Increasingly, we are becoming a culture of curators, especially in the virtual world.  We spend our time organizing media according to preference, grouping our memories into online photo and video databanks, and “liking” and commenting on things that other people share.  What this means is that arts audiences are coming to the gallery with a newly emboldened sense of organizing and presenting content.  Arts organizations therefore need to play an active role by creating opportunities for meaningful engagement.

Screen shot of Split-Second's crowd-curation process by the Brooklyn Museum
Screen shot of Split-Second's crowd-curation process by the Brooklyn Museum

Organizations that are at the forefront of online audience engagement are presenting ideas that go beyond simply offering information about programming.  Instead, they are experimenting with different ways that audiences can become co-creators of content, which can then lead to a sense of ownership in the institution.  But crowd-curation should not be simply a matter of presenting art works and having a voting contest in the sense of American Idol.  Rather, arts managers need to envision a place of meaningful dialogue between their organization and their audience.

Crowd-curation is exciting because it is a clear illustration of the changing dynamics of the audience/museum relationship.  It takes creative online participation and literally translates the collective online vision into physical space.  Along the way, it can stimulate creative thinking by:

  • Getting the participant/curator to think about her own internal perceptions of art, and perhaps inspire her to dig even deeper through self-reflection. What struck me most in my experience as a curator of Split-Second was how successful the exercise was in getting me to think about not only the art in the show but also my own understanding of visual culture.
  • Creating discussion, based upon the collective decisions of the audience, about big-picture questions, like: How is artistic value determined? Is general consensus achievable in determining artist merit?

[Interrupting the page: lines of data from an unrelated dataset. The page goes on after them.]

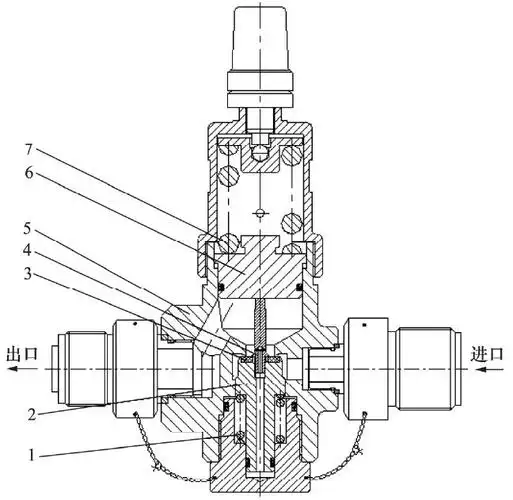 活塞式减压阀压力调整方法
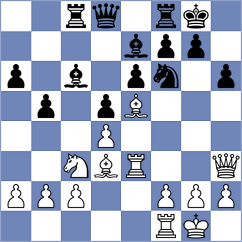 Ferro - Von Buelow (chess.com INT, 2024)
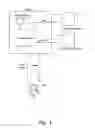 Fig. 02 - Data handling method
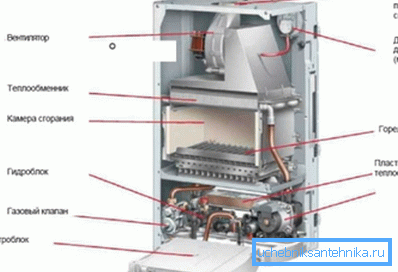 The design of the heating boiler with a fan. The design of the heating boiler with a fan.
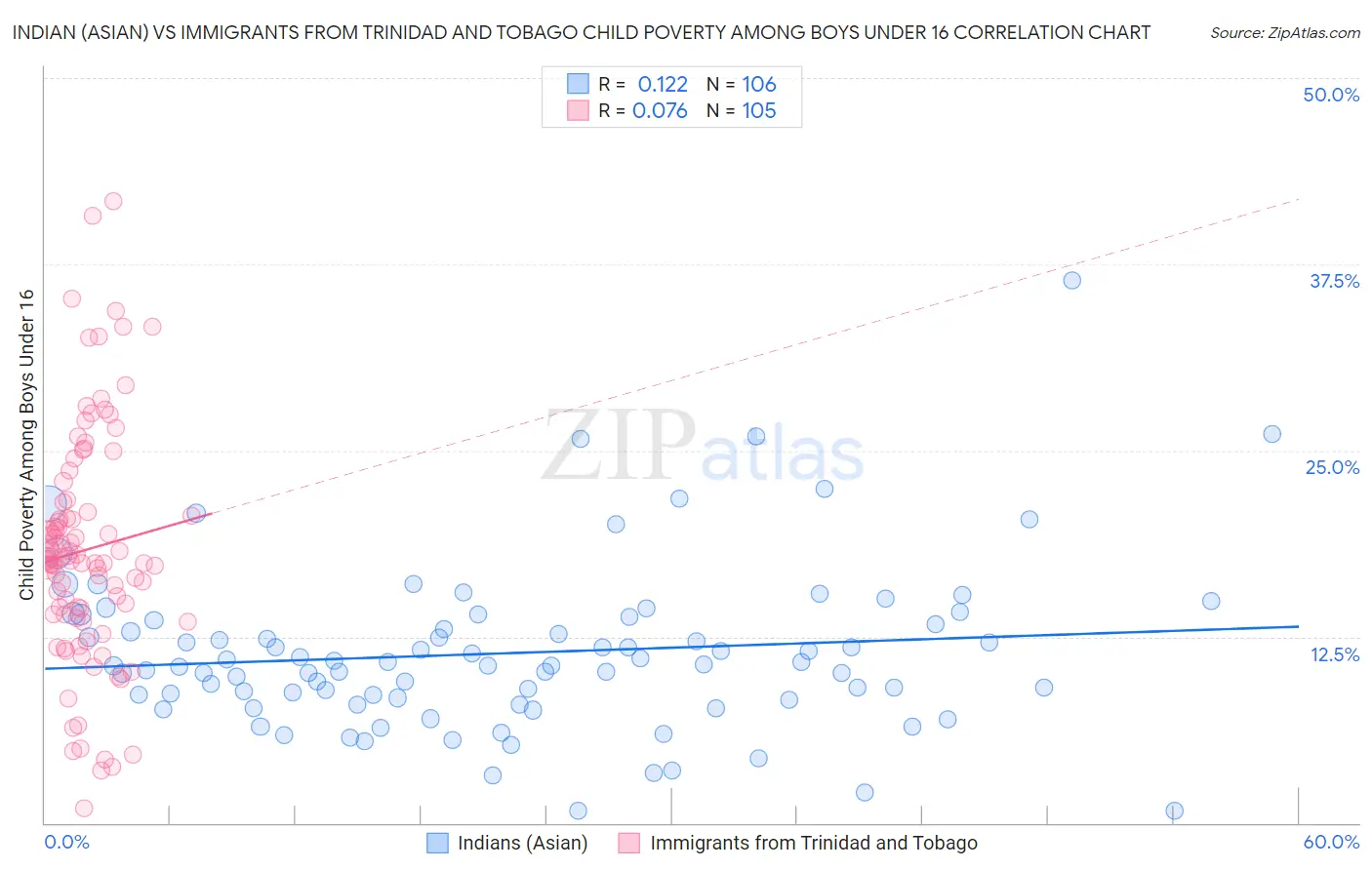 Indian (Asian) vs Immigrants from Trinidad and Tobago Child Poverty Among Boys Under 16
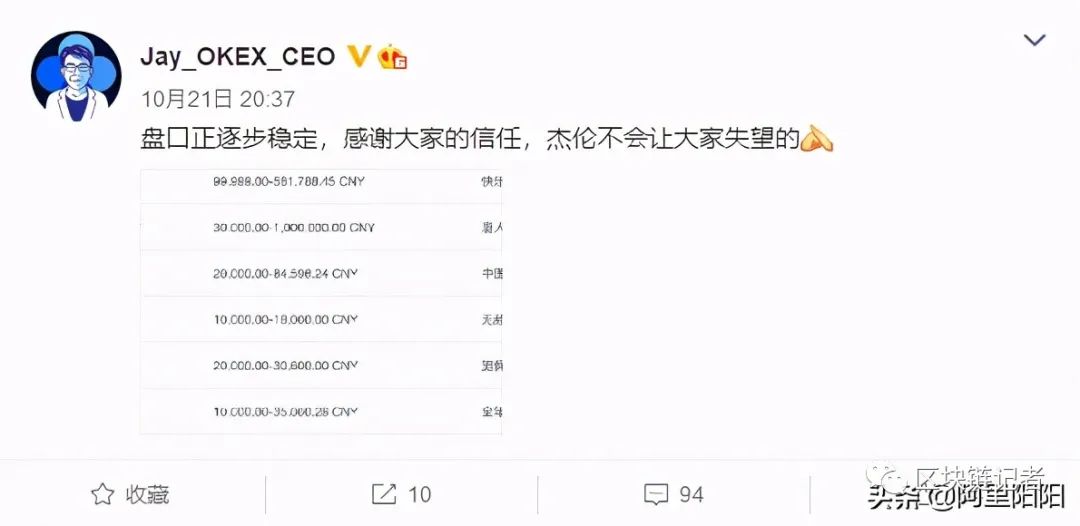 OKEx开放法币交易，低价9折购买比特币2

By putting the internal and collective processes together, crowd-curation has the potential to achieve multiple levels of meaningful contemplation.  Of course, arts managers may feel like they are taking a significant risk.  They may fear that the artistic content chosen by the masses will not constitute a “quality” exhibition in the traditional sense.  And, perhaps worse, if crowd-curation IS able to produce a quality exhibition, then what is the point of having all of these professionals around?  However, as sites like Wikipedia or perhaps the “comments” section of any website have shown, opening up the production of content to crowds is precisely the time when professional, articulate viewpoints are needed most.

This is not to argue that crowd-curation methods should or will replace traditional curatorial models.  In fact, it doesn’t make sense for all art museums to try it (based on a number of factors such as the nature of the audience, resources available, the nature of the exhibit, etc.)  Even so, crowd-curation is an innovative approach to breaking down the barriers between art museum and audience, and it’s a fascinating reflection of the way we live now.